Des années plus tard, sous couvert de fraternisation, le Hollandais de retour amadoue les autochtones à coup de tournées payées au pub. Le pacte passé avec Daland, désormais en couple avec Mary, et qui ne reconnaît pas celui qui pourrait être son fils, expose à son insu Senta à une relation incestueuse. La jeune fille, rebelle, d’abord méfiante, se laisse finalement séduire par l’étranger au cours d’un repas à la direction d’acteur millimétrée.
Formidable mécanique théâtrale, avec ces éléments de décors pivotant pour mieux structurer l’espace de chaque scène, et l’élaboration d’un puissant crescendo dramatique aboutissant à la vengeance du Hollandais qui tue plusieurs habitants par arme à feu, avant de finir lui-même plombé par Mary, tandis que les bâtiments alentour sont ravagés par les flammes.
L’exécution musicale est au diapason, sans temps mort, grâce à la direction électrique et anguleuse d’Oksana Lyniv, constamment sur la relance et l’énergie. La jeune Ukrainienne prend des risques insensés dans une scène des fileuses transformée en répétition de chant choral au tempo cravaché, suivie au cordeau par les dames du chœur. Saluons ici l’engagement, la réactivité des forces chorales incomparables de Bayreuth qui, même resserrées en effectif par des contraintes budgétaires, font le job avec une abnégation totale.
La distribution est dominée par le Hollandais impérial de Michael Volle. Certainement pas un authentique Heldenbaryton, l’Allemand construit son incarnation avec la même montée en puissance que la mise en scène.

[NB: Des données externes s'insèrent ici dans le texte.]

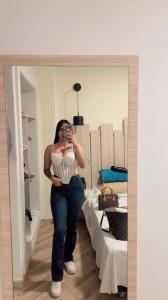 672985859: Chica busca chico en Ibiza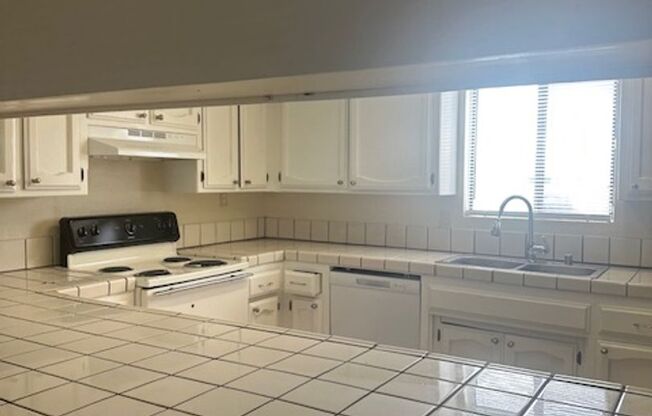 3461 S Chester Avenue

D’abord prudent et porté sur l’intériorité, il ne laisse que mieux éclater sa noire vindicte deux heures plus tard, non sans avoir phrasé entre-temps son entame de Wie aus der Ferne comme un Lied de Schubert.
Elisabeth Teige fait valoir une personnalité trempée, Senta à l’émission ardente, au vibrato intense, mais le timbre presque constamment couvert d’un voile qui opacifie sa radiance et le texte. En ténor éconduit, Eric Cutler fait surtout valoir une projection bétonnée appuyée sur une technique assez sommaire. Georg Zeppenfeld, décevant en Hunding cet été dans le Ring, retrouve ici sa superbe, le naturel de sa voix franche et subtile, en Daland tout sauf butor.